Noted Supreme Court lawyer and author Rudra Vikram Singh says that from a legal viewpoint, heirs or legal custodians of private documents have all the right to share or not to share them with the public. Singh’s comments come in the wake of Gujarat-based historian Rizwan Kadri’s recent disclosure that he had written to Congress leader Sonia Gandhi to allow physical or digital access to the private papers of the late Prime Minister Jawaharlal Nehru that are in her possession.
Kadri is a member of the Prime Ministers’ Museum and Library (PMML) Society, which was earlier called the Nehru Memorial Museum and Library (NMML). Sonia Gandhi, Nehru’s legal heir since 1984 following the assassination of former Prime Minister Indira Gandhi, has barred public access to a section of Nehru’s papers that were earlier in the custody of NMML.

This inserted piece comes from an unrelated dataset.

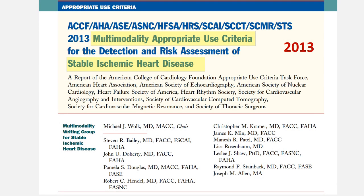The 2013 multimodality appropriate use criteria document for the detection and risk assessment of stable ischemic heart disease was the first AUC document to start with a suspected diagnosis—stable ischemic heart disease in this case—and then to provide consensus on whether or not any amongst a group of tests was appropriate for different related clinical scenarios. This was thought to be a much more practical approach for clinicians taking care of patients. However, the ratings for tests were explicitly not competitive in the rankings of different non-invasive tests due to limited availability of comparative evidence and other patient variables that could not be captured in this type of exercise.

In 2008, a legal representative of Sonia Gandhi segregated Nehru’s official and personal papers and removed the latter from the museum. It was done with official sanction and the documents were carried away in 51 boxes. Meanwhile, a report quoting the February 13, 2024, annual general meeting of PMML said that in 1982, the Nehru papers were given to NMML for “safekeeping” and not as an “outright gift”.
Singh, who is a legal counsel for the Adani Group, the Indian Council of Social Sciences Research (ICSSR) and is associated with the University Grants Commission as a selection committee member, says in an interview, “Any historian can seek papers from anyone but the person who has the custody of those papers has all the rights reserved whether he or she wants to give the papers or not.”

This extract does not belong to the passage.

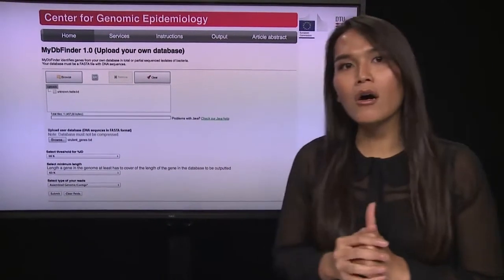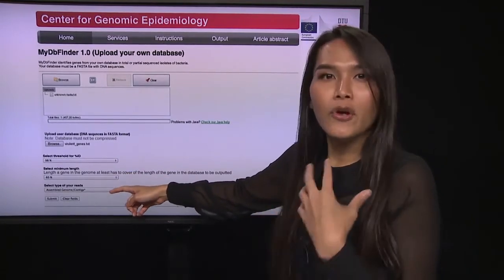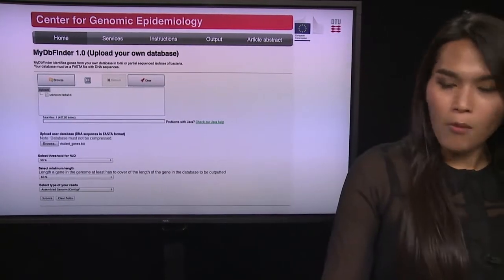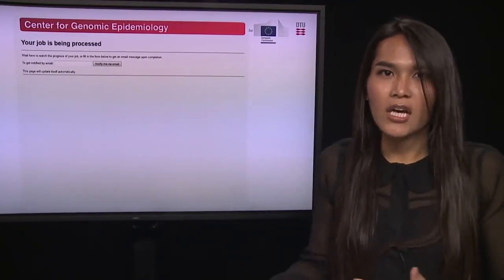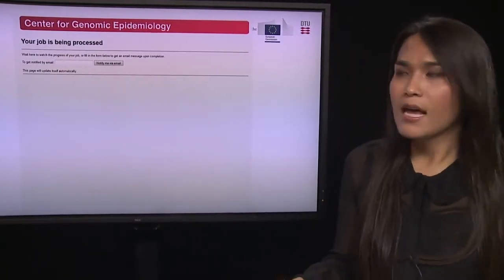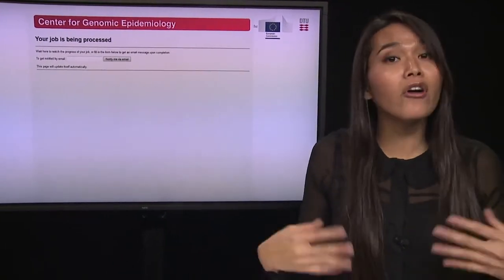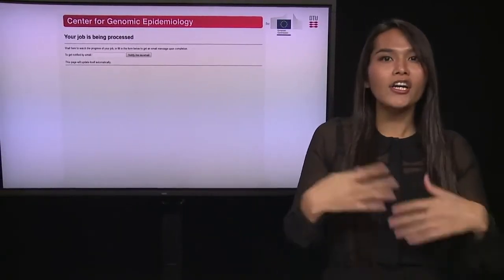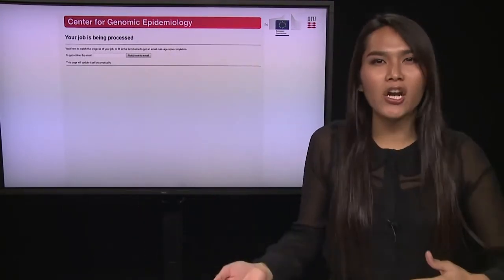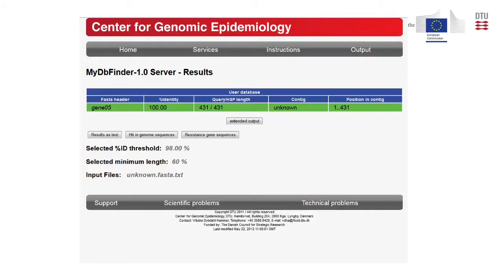Once you have browsed your unknown genome, uploaded your database, chosen all the options, and selected the correct data type, you are ready to submit your job by clicking 'Submit.' This leads you to another page that shows whether your job is being processed. You can also enter your email and click 'Notify Me via Email' — once your job is done the program will send you the output link. You can start another submission right away without waiting.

What are the existing Indian laws that govern the sharing of private papers?
The sharing of private papers is generally governed by the Indian Contract Act of 1872 (related to the sharing or transfer of private papers) and the Indian Succession Act (which deals with the sharing of private papers to heirs). However, if we talk about data protection or private data or paper protection, unfortunately, India does not have a general data protection statute.

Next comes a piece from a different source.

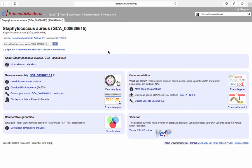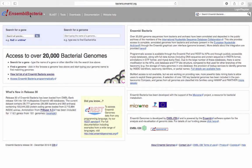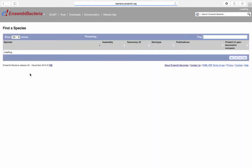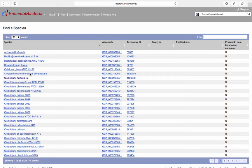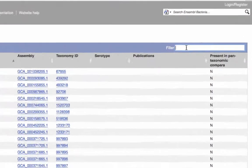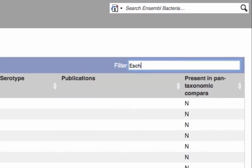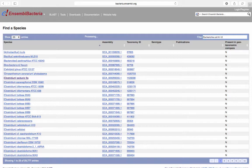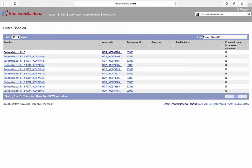You can also search and filter all of the bacterial species. Navigate to the Ensembl bacteria homepage by clicking on the Ensembl bacteria logo in the top left-hand corner of your screen. Click Full list of Ensembl bacteria species. Here, you are able to filter all Ensembl bacteria based on species name, assembly and taxonomy ID. We will search for Escherichia coli K12 by typing the bacterial name in the filter box. Press Enter. Clicking on the species name takes us to the species-specific homepage.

Nevertheless, the judiciary has outlined “right to privacy” from the rights available under Article 19 (1) (a) – the fundamental right to freedom of speech and expression – and Article 21 (right to life with dignity and personal liberty) of the Constitution of India. IT Act 2000 was recently amended and two new sections 43-A and 72-A were inserted to deal with data protection.
What are your views on what should be done when controversies like these arise?
I believe there is no controversy in this. Any historian can seek papers from anyone but the person who has the custody of those papers has all the rights reserved whether he or she wants to share the papers or not. According to me, there is nothing Sonia Gandhi would hide from public knowledge as it was kind of in public domain until the personal papers were taken back by her from NMML in 2008. Being the legal heir and custodian of private documents of the late Pandit Nehru, Sonia Gandhi has all the rights to share it with anyone or not to share it with anyone.
From your experience as a lawyer, who has the authority to give access to private papers of a public figure, and do the heirs have a choice?
Access to private papers can be given only under certain conditions: for example, if there is any contract between certain parties that requires those private papers to be shared with them. Private papers – like wills – have to be given to the heirs. If the heirs do not have the will, after the death of the testator (who makes the will), the heir can access the will through probate.
What are the best practices abroad?
GDPR (General Data Protection Regulation) in Europe provides one of the most comprehensive frameworks for privacy protection, with strict controls on data sharing and access to private information. In the US, estate laws like the Uniform Probate Code ensure that private papers, especially financial or digital assets, are handled according to the deceased’s wishes. Digital platforms like Google and Facebook now offer features to manage digital legacies.
As regards digital wills, countries like Australia and Canada are leading the way in recognising digital wills and ensuring that heirs can manage online assets and documents without compromising privacy. Some countries also provide clear guidelines on the declassification of private papers after a certain period, particularly when it concerns national security or historical significance – like the UK’s 30-year rule for public release of government records.